# Obama for the poor?



## Plainsman (Jul 30, 2003)

If you still believe that you need a course in logic. Obama is an elitist and he will bail out the rich before he even thinks of the poor. His own brother lives in a mud hut, and his aunt and grandmother in squalor. If he doesn't care about them what makes these empty headed people in the United States think he cares about them? It's time to grow up and face reality.

Everyone is chicken poop when it comes to Obama. They are all afraid of being called racist. They would rather America fail than for them to be called a racist. It has become a phobia. Forget repealing Obamacare, repeal Obama.

I can't remember which candidate or even which election, but years ago someone had this as a major point in their campaign: are you better off today than you were four years ago? Each of us should look honestly inward and ask ourselves that question.

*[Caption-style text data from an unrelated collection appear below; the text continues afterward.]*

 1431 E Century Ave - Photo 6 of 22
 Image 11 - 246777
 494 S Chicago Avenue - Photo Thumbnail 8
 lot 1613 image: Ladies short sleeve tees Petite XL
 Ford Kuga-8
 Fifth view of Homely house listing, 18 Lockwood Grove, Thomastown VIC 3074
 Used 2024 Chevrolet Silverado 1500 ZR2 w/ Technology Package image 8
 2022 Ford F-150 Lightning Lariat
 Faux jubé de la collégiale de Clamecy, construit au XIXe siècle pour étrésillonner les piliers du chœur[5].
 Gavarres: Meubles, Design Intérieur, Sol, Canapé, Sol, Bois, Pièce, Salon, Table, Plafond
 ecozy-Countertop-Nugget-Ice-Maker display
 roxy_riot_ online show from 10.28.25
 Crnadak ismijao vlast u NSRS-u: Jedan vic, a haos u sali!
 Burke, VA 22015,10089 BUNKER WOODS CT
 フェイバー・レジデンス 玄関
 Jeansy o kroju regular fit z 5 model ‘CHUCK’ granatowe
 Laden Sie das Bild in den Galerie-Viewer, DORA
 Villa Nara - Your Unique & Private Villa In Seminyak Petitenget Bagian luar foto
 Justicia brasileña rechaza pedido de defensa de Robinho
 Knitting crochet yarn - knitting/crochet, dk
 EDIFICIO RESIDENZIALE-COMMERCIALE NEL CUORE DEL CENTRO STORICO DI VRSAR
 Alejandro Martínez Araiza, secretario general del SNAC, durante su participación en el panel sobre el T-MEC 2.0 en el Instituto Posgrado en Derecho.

> The Obama administration is bailing out irresponsible banks and big business, while offering nothing but the failed Home Affordable Modification Program to average Americans, leaving many with no other options but to file bankruptcy. This is backwards, and the reckless banks should be held to the same standard as the rest of us. Blue collar workers and Tea Party activists can agree here and should champion this issue.


----------



## Chuck Smith (Feb 22, 2005)

There is another storm of foreclosures on its way.

I remember back when the first bank bail out was discussed on this forum and I stated it was just a band aid fix on the real problem and a few of or left leaning friends disagreed with me. I hate to say I told you so...but they would be saying it to me. :beer:

But we are far from getting out of this mess.

Only thing that is helping real estate sales in my area is that crop prices are through the roof and farmers need to use up this money and they are investing in land and homes for investment property.


----------



## Recurvenator (Aug 6, 2010)

Obama is a POS and all these freakin' liberals who are destroying this country can burn in hell. :******:


----------



## Plainsman (Jul 30, 2003)

A whole bunch of them will Recurvinator. Even the pious hypocrites that sit in church Sunday morning thinking their good deeds are for the poor and supporting abortion. I am Christian Recurvinator, but until I left my liberal church, after 38 years, I sat among more fools Sunday morning than I passed on the street.

On a lighter note Recurvinator:



> Direct Quote from "Larry the Cable Guy"
> 
> "Even after the Super Bowl victory of the New Orleans Saints, I have noticed
> a large number of people implying with bad jokes that Cajuns aren't smart. I
> ...


----------



## huntin1 (Nov 14, 2003)

Well of course he's for the poor, at least during the election campaign, there are more poor people than rich, that's where the votes are.

I wonder how many will be sucked in by his lies this time around?

huntin1


----------



## Chuck Smith (Feb 22, 2005)

A huge thing he will hang his hat on is extending unemployment benefits. 6.2 million people are on unemployment for over 2 years. With 13+ million on unemployment. He will use the tactic the he is helping the working class through their hard times in job hunting...or something along that line or what his speech writers come up with.


----------